Are Quality Raters from Google the End of SEO as We Know it? The idea that a manual review of a website or it’s SEO from a subjective human quality rater (working for search engines) can decide which websites to let slide or penalize is a daunting threat for those forced to compete for search engine rankings.
While search engines use sophisticated algorithms to find the most relevant websites, they still are far from perfect and often rely on data harvested or augmented from humans (search quality juries) to refine their extensive ranking variables.
In 2009 Google had over 10,000 outsourced contractors implemented as “quality raters”, using this as a predicate; one can only imagine what the actual number is now and what tasks, questions or potential variables are included in determine which websites “make the grade” or not.

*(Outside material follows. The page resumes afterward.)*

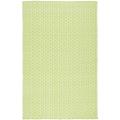 Handmade Thom Filicia Ackerman Key Lime Green Indoor/ Outdoor Rug (3' x 5')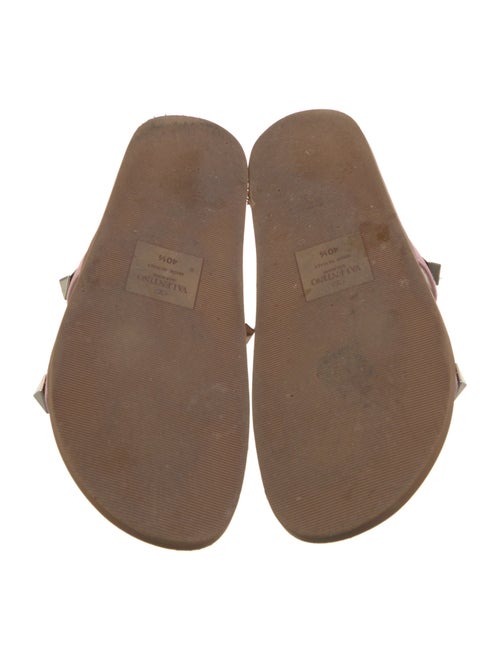 Valentino Rockstud Accents Leather Slides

As we have seen from recent Panda update (the nickname for Google’s last update) sometimes, authoritative websites with excellent editorial quality get lumped with the bad less authoritative websites (based on a tweak to the algorithm) and then Google or other search engines suppress or penalize those websites.
Then, to unwind those penalties, search engines send in the quality review / raters to assess whether or not that website exhibits the characteristics of what that search engine considers editorially viable and / or significant to its users.
While the battery of questions that are used to assess websites under manual review are exclusive and proprietary, we know a few from information leaked from Matt Cutts in an interview with Wired magazine such as:
- Would you feel comfortable giving this website your credit card?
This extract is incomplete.